[Scraped caption text data]
┄┄┄┄┄┄
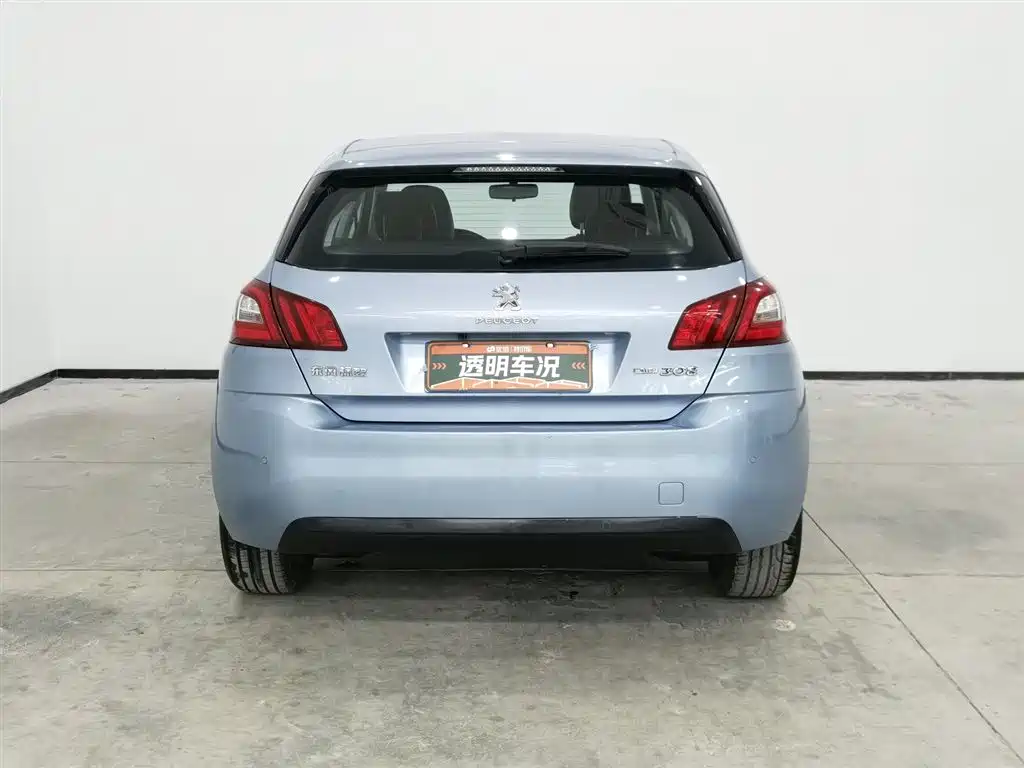 Peugeot 308S 2015 1.2T automatic Jinchi version купить на сайте DeffCars
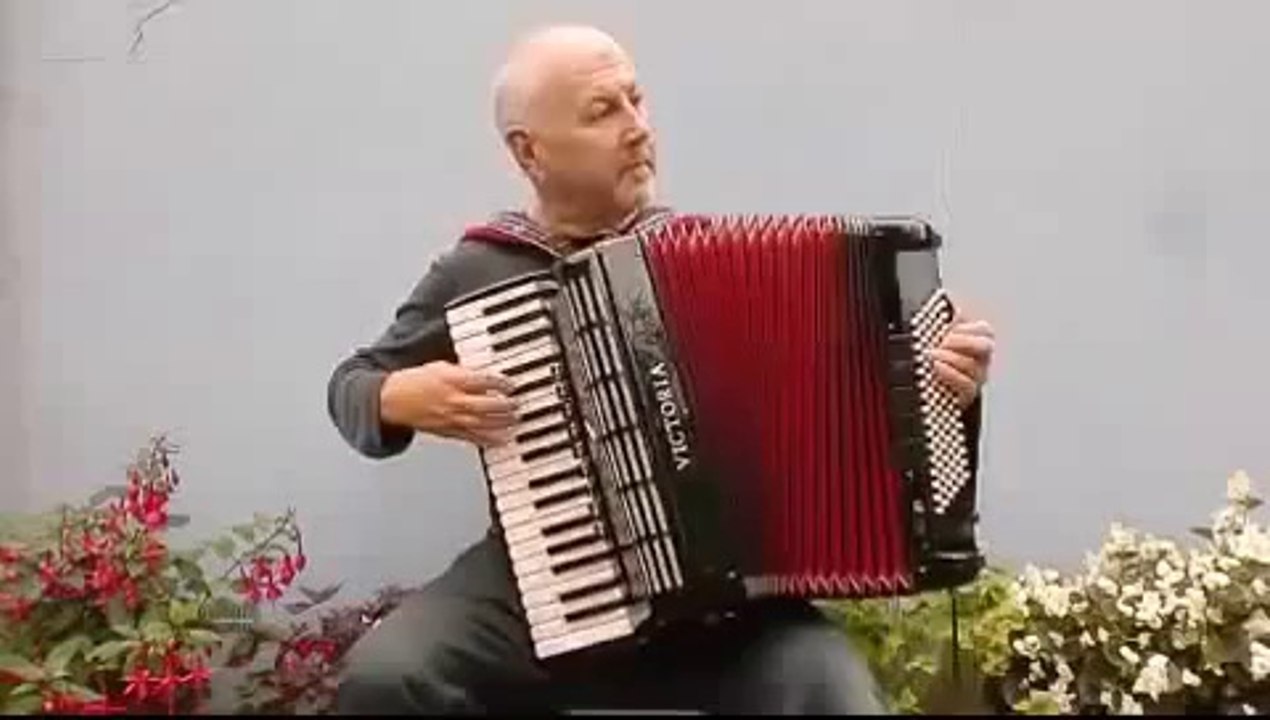 Spectacle d'accordéon - prenez un spectacle d'accordéon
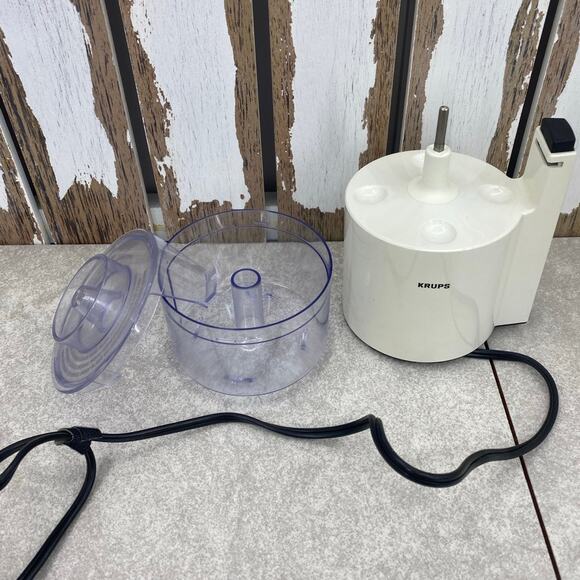 Krups Model 708 Mini Pro Food Processor - No Blade - Picture 3 of 6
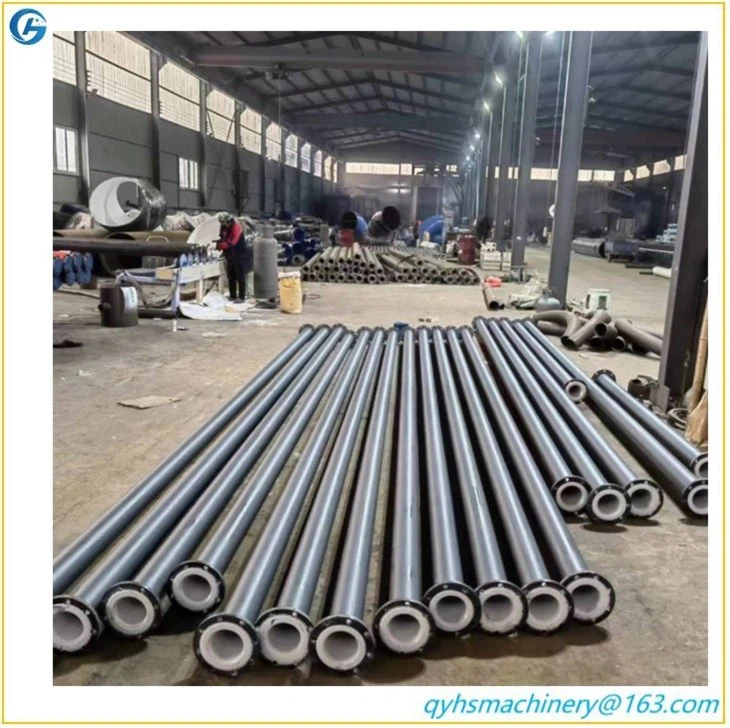 Steel-lined PTFE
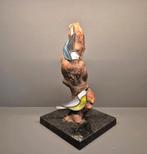 Glas in lood vogels in een boom, Ophalen of Verzenden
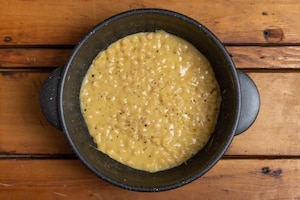 Preparazione Ciceri e tria - Fase 3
┄┄┄┄┄┄
◆ Exercise brief ◆
The reply should hold only the lines from the first line of the records above through the line containing "Glas in lood", copied exactly and without pictures.

◆ Response for this exercise ◆
 Peugeot 308S 2015 1.2T automatic Jinchi version купить на сайте DeffCars
 Spectacle d'accordéon - prenez un spectacle d'accordéon
 Krups Model 708 Mini Pro Food Processor - No Blade - Picture 3 of 6
 Steel-lined PTFE
 Glas in lood vogels in een boom, Ophalen of Verzenden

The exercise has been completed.